Some 80% of elementary schools reopened for grades 1-3 and 11-12 on Sunday for the first time in seven weeks, even as many parents expressed concerns over safety. About 60% of the eligible schoolchildren, reportedly some 180,000, went to school Sunday.

With the number of new infections dropping, the government has increasingly rolled back restrictions meant to curb the outbreak, and on Monday canceled the 100-meter limit on Israelis traveling from their homes for activities deemed nonessential.

It also ended restrictions preventing people from visiting with family and approved the reopening of malls and outdoor markets on Thursday.

Prime Minister Benjamin Netanyahu said that all lockdown restrictions could be removed by the middle of June.

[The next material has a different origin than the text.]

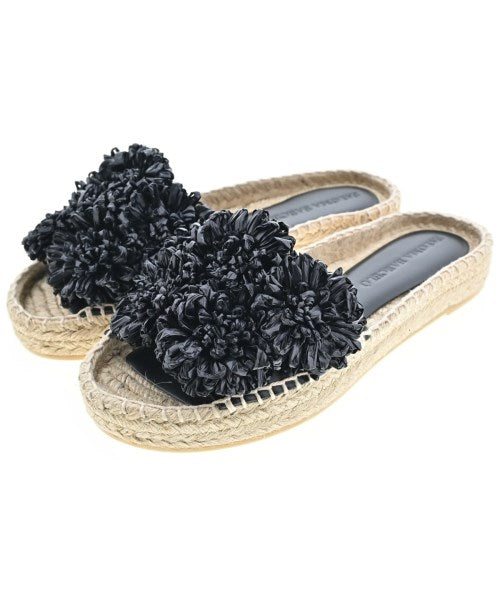 PALOMA BARCELO Sandals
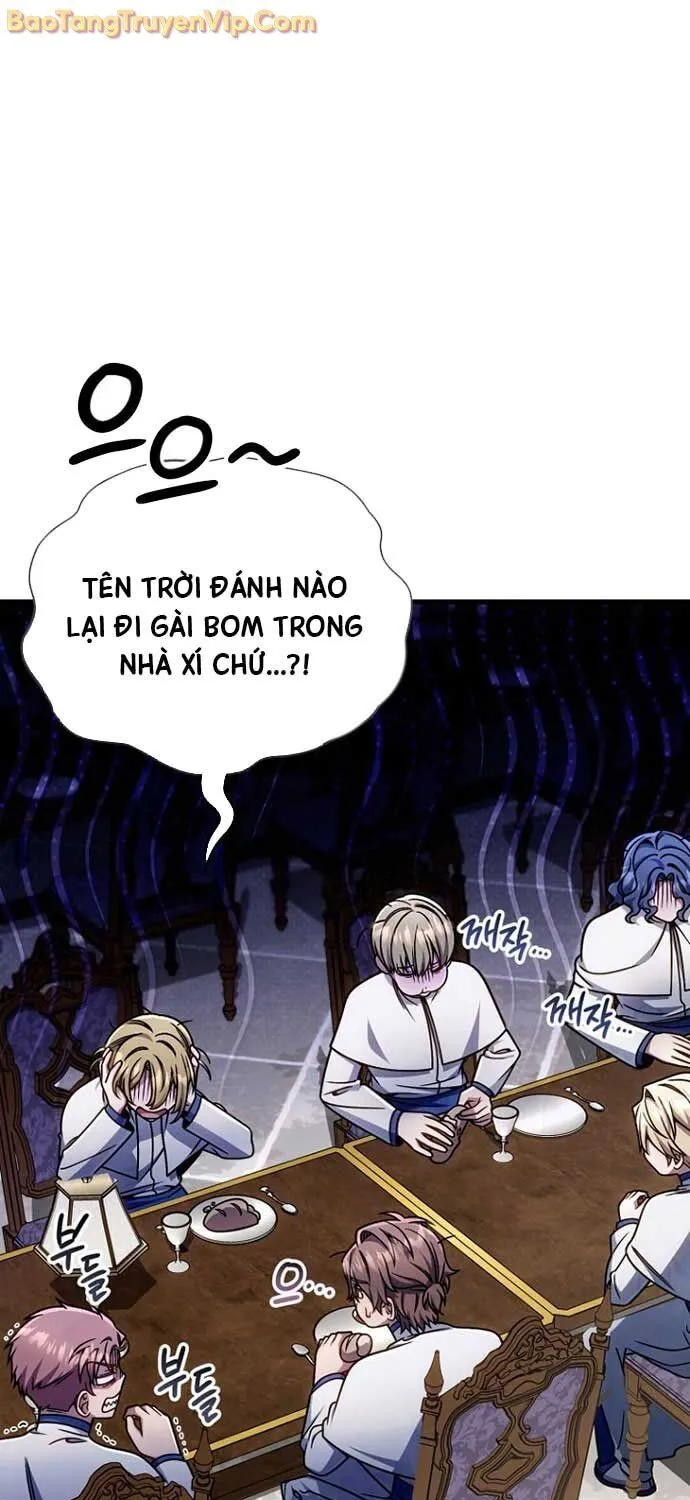 Chương 39.2 - Trang 6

Israeli students in Jerusalem wear protective face masks as they return to school for the first time since the outbreak of the Coronavirus. May 3, 2020. (Olivier Fitoussi/Flash90)

He warned, though, that Israel could have to reassess enforcing social distancing measures if there are more than 100 new coronavirus cases a day, a doubling of cases within 10 days, or over 250 people with serious symptoms in hospitals.

Malls, outdoor markets and gyms reopened Thursday morning after over six weeks of closure, with shoppers reported at shopping malls throughout the country.

Israel’s National Emergency Authority fears a second wave of coronavirus infections and is calling on the government to use the relative lull in cases to prepare hospitals for a substantial increase in respiratory ventilation and treatment capacities.

According to the Kan public broadcaster, the authority has prepared a model that forecasts a second wave of infections at around the time of the Jewish new year, which this year falls in mid-September.

According to the forecast, the number of cases could be at least twice as bad, reaching tens of thousands, with thousands hospitalized and deaths estimated between several hundred and the low thousands.